The transition metal dichalcogenide, 1T-TaS₂, hosts four distinct charge density wave (CDW) states. In this work we focus on the nearly commensurate charge density wave state (NC-CDW) which lies between the higher-temperature incommensurate CDW state and low temperature commensurate CDW state. Unlike the incommensurate and commensurate CDW states, the NC-CDW state is characterized by a domain structure. Within a domain, the CDW lattice resembles, but differs slightly from, the low temperature commensurate CDW state. A phase slip in the CDW lattice occurs between neighboring CDW domains. There is a continual evolution in the domain size across the NC-CDW state with the domain size increasing with decreasing temperature.

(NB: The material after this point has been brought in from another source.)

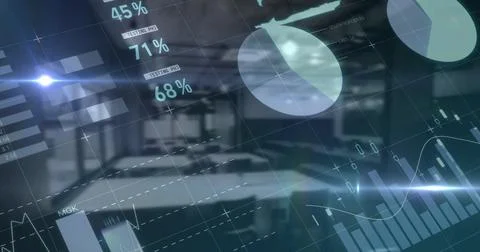 Financial data processing over world map against empty office in background Stockfoto's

Recent work [1,2] has uncovered an intradomain chirality to the NC-CDW state. This chirality is found in the CDW displacement field, the displacement of individual CDW maxima from their expected average location, and is believed driven by a strong coupling of the CDW state to the atomic lattice. This strong-coupling-origin of CDW chirality in 1T-TaS₂ differs from chiral CDW states in other materials where orbital-ordering drives CDW chirality. Here we present our scanning tunneling microscopy (STM) measurements on 1T-TaS₂ roughly across the NC-CDW temperature range. We detail the evolution of the domain structure and intradomain chirality. We examine possible topological defects arising in the CDW displacement field.



[1] Yu et al., “Temperature Evolution of Domains and Intradomain Chirality in 1T-TaS₂.” PRB, 108, 11421 (2023).

[2] Singh et al., “Lattice-Driven Chiral Charge Density Wave State in 1T-TaS₂,” PRB, 106, L081407 (2022).